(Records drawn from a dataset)
------------------------------------------------------------

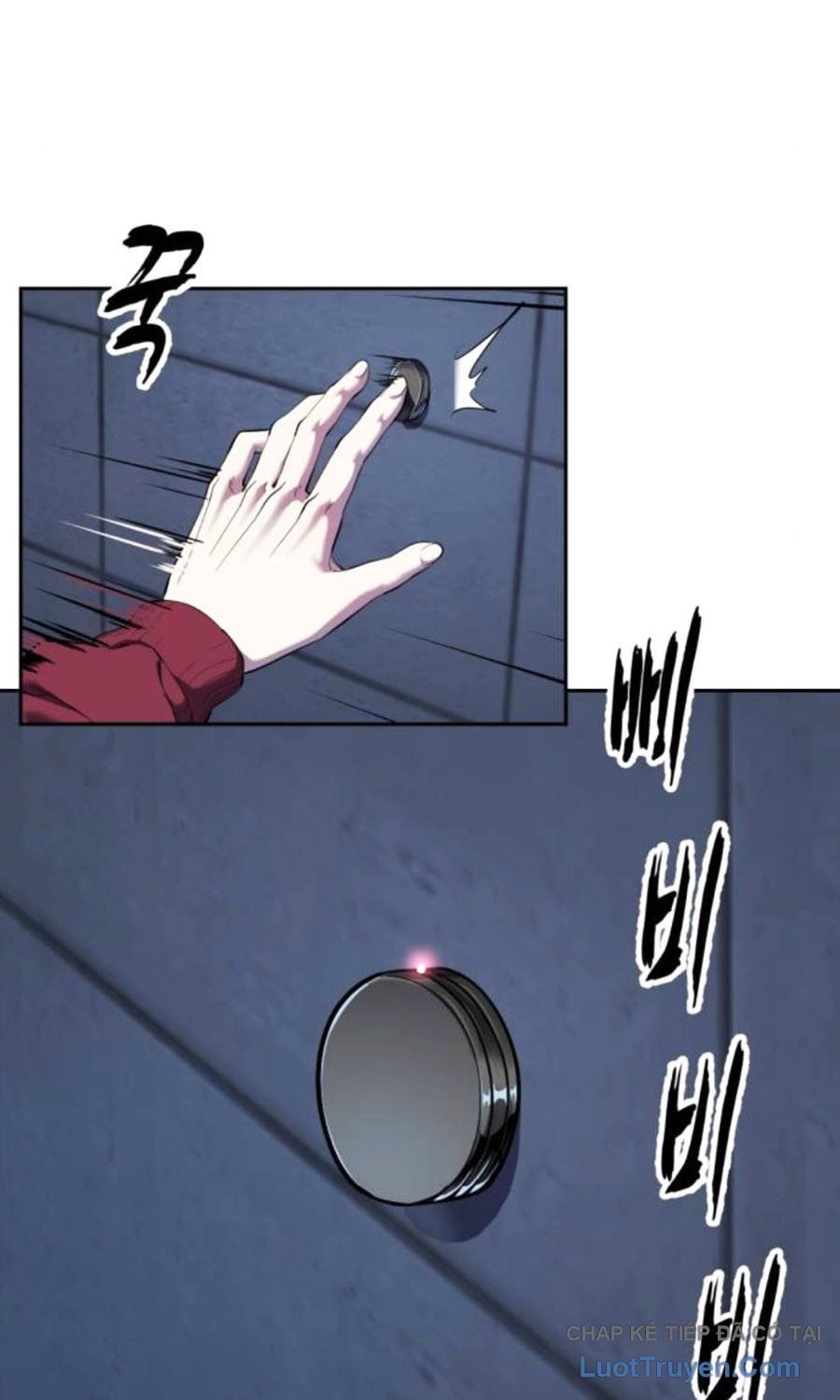 Cậu Bé Của Thần Chết - Chapter 309 - Page 30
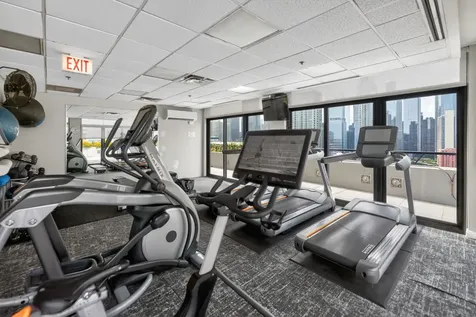 375 West Erie Street Chicago IL 60610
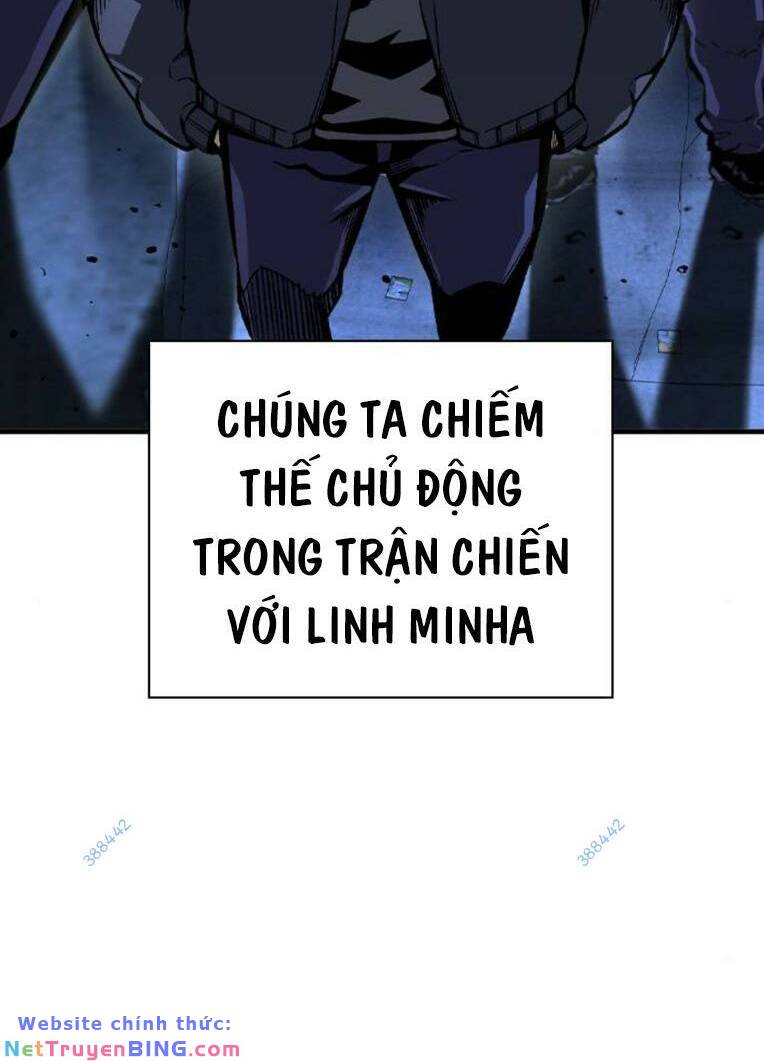 King Game - Chapter 73 - Page 48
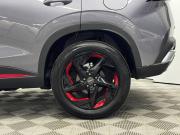 Omoda C5 I Воронеж  - изображение 23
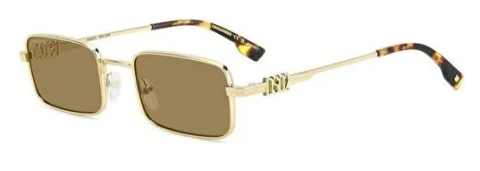 dsquared2 d2 0104 01q70 59 güneş gözlüğü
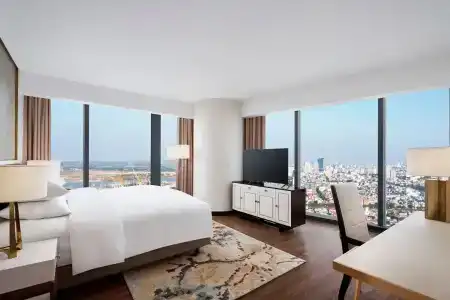 Vinpearl Imperia Hai Phong - 35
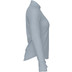 New Balance New Balance Athletics Heat Grid 1/2ZIP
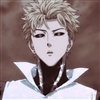 WonderSword1127's avatar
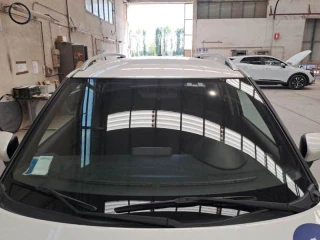 SUZUKI IGNIS / 2020 / 5P / BERLINA 1.2 HYBRID TOP 2WD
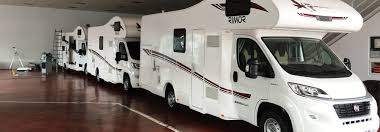 We did not find results for: Autorulote Autorulote De Vanzare Fiat Ford Renault Iveco Rimor Inchiriere Autorulota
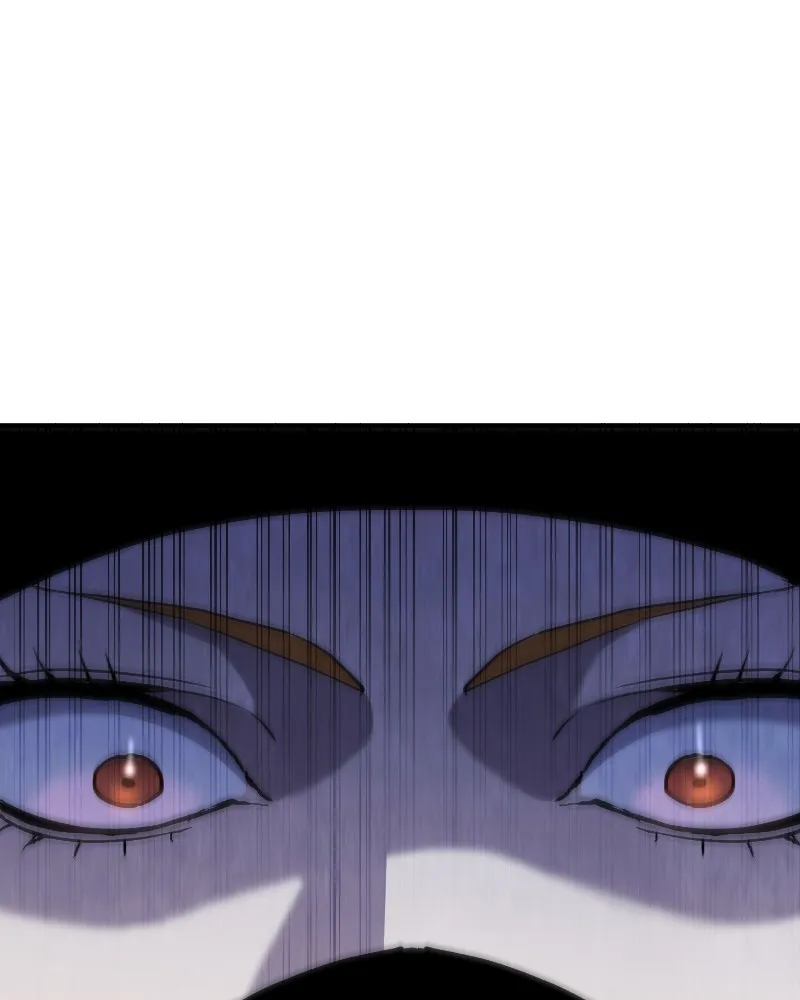 RANKER Chapter 42 page 112 - 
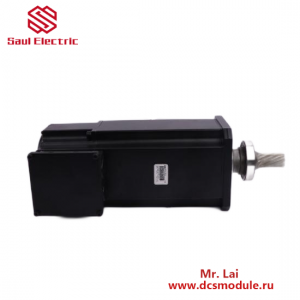 ABB 3HAC027304-003 High-Precision Industrial Control Module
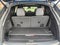 2026 Acura MDX 4DR SH-AWD TYPE S AD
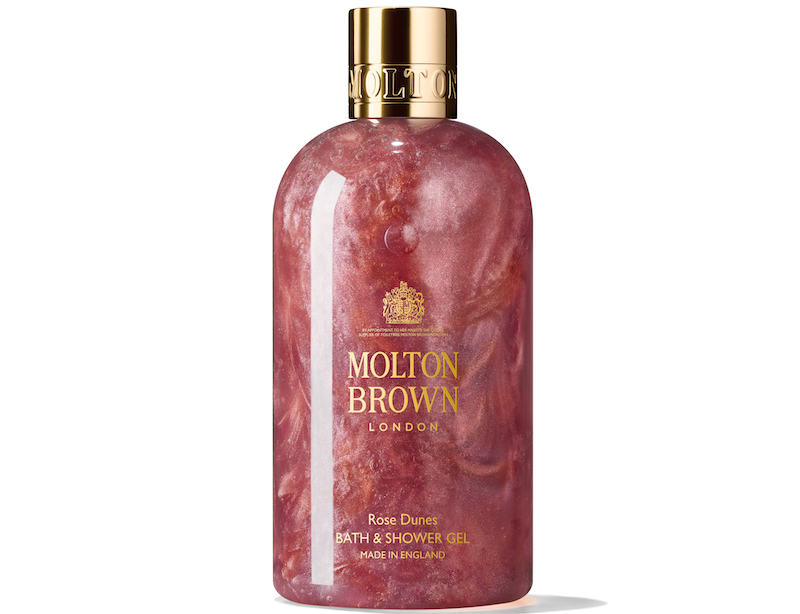 The 8 best fragrance and skin care launches dropping early September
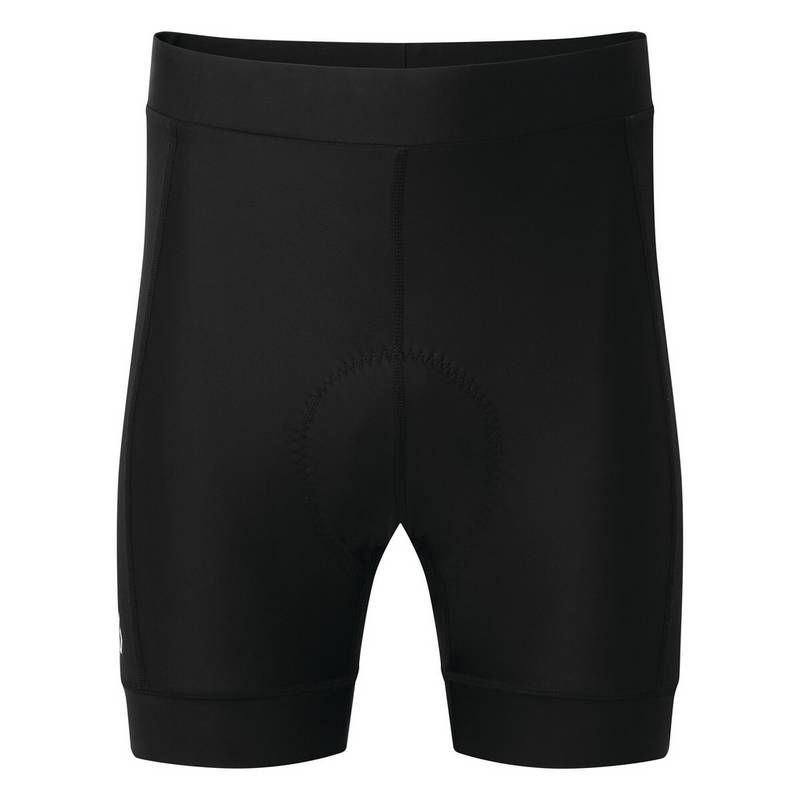 Dare 2B Ecliptic II Fahrradhose Herren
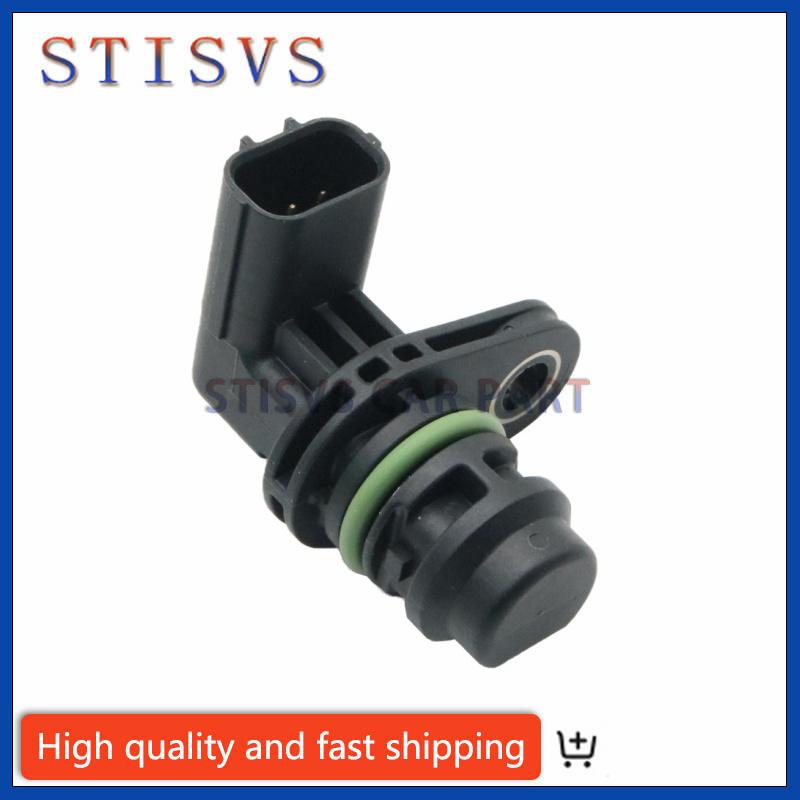 Camshaft Position Sensor 96868917 FOR CHEVROLET CAPTIVA 2.2 2011 2012 2013- C100 C140 Febi New Cars Accessories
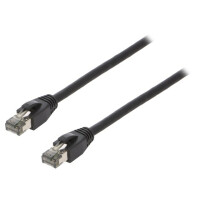 CQ8093S LOGILINK, Patch cord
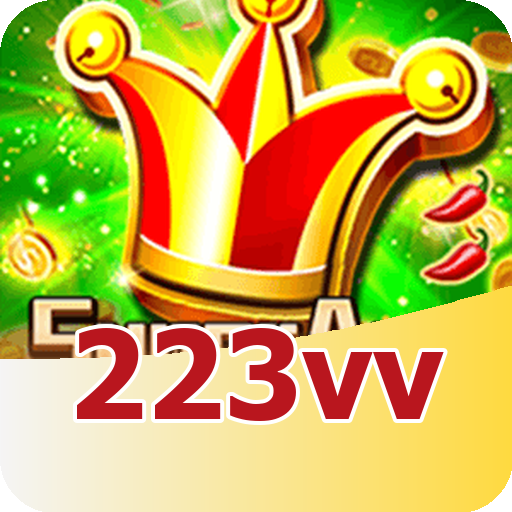 Mahjong Ways Slot - RTP 96.9%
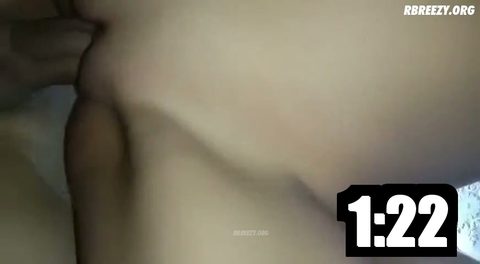xmelayu-3270-malay-milf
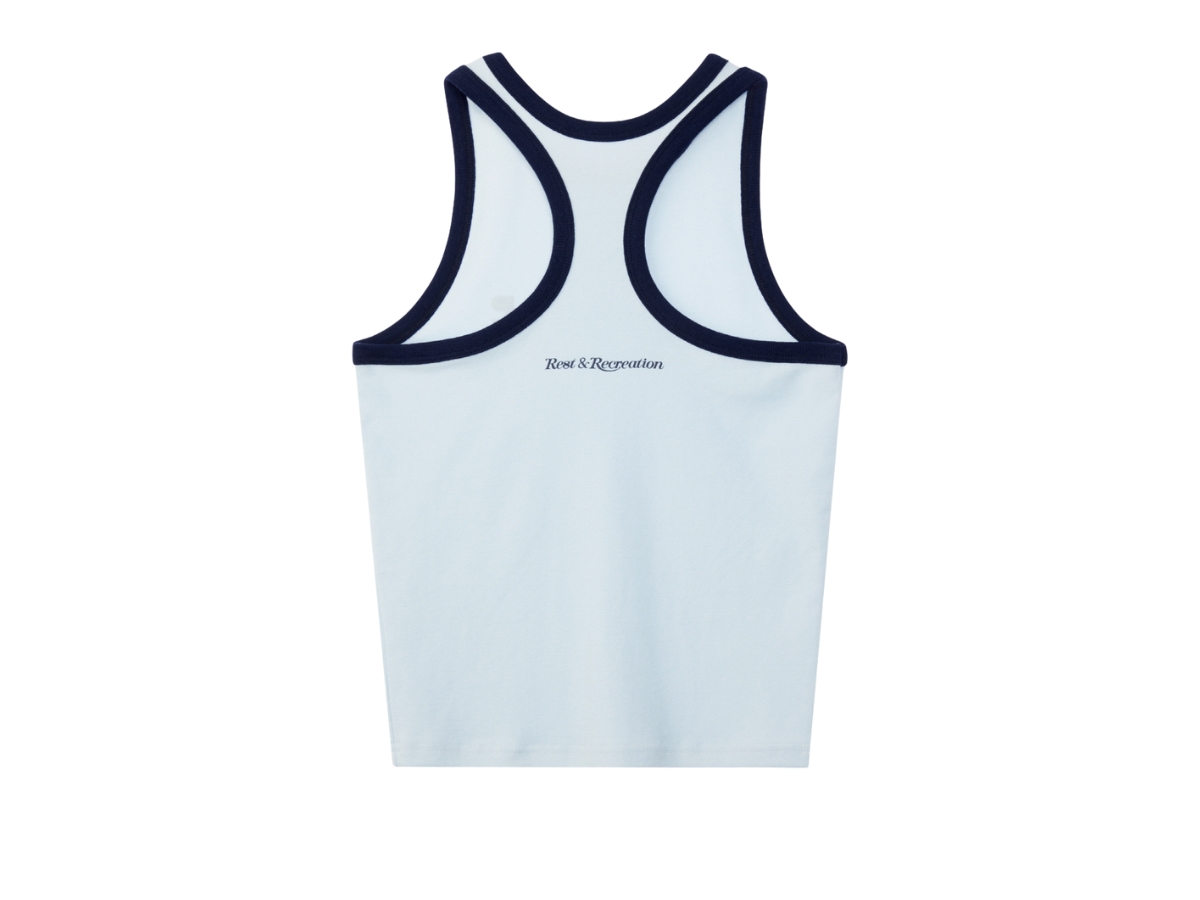 https://d2cva83hdk3bwc.cloudfront.net/rest-recreation-racer-tank-top-sky-blue-2.jpg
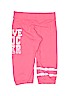 Justice Pink Sweatpants Size 7 - photo 2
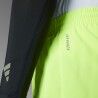 adidas Adizero E Short - Calção de corrida homem | Hardloop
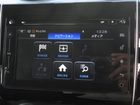 車両画像13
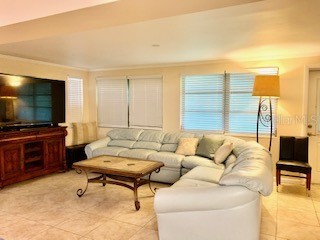 1546 Belleair Road Clearwater FL 33755 TB8356542 image4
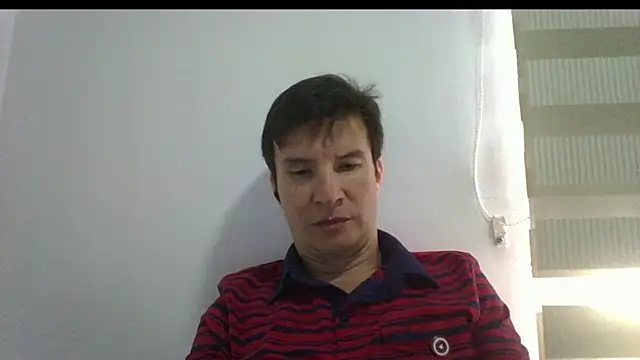 carliesexyman online show from November 2025 02:41:01 PM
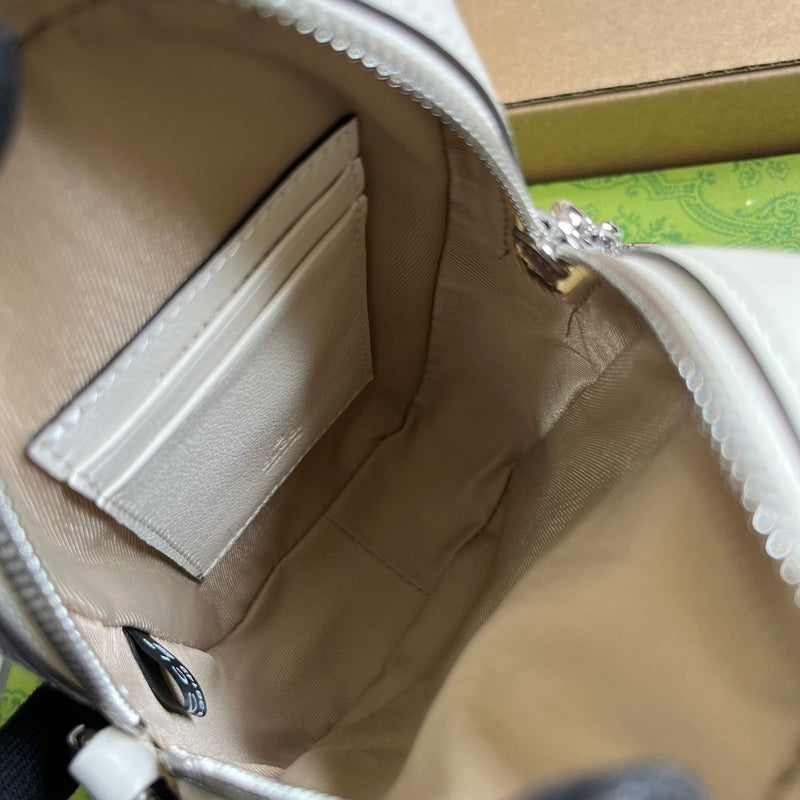 ELE - GG Bags - 180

------------------------------------------------------------

§ Instructions for the task
Leaving all pictures aside, print exactly the lines from the one that contains "xmelayu-3270-malay-milf" through the last line of the data above, inclusive.

§ Exercise response
xmelayu-3270-malay-milf
 https://d2cva83hdk3bwc.cloudfront.net/rest-recreation-racer-tank-top-sky-blue-2.jpg
 Justice Pink Sweatpants Size 7 - photo 2
 adidas Adizero E Short - Calção de corrida homem | Hardloop
 車両画像13
 1546 Belleair Road Clearwater FL 33755 TB8356542 image4
 carliesexyman online show from November 2025 02:41:01 PM
 ELE - GG Bags - 180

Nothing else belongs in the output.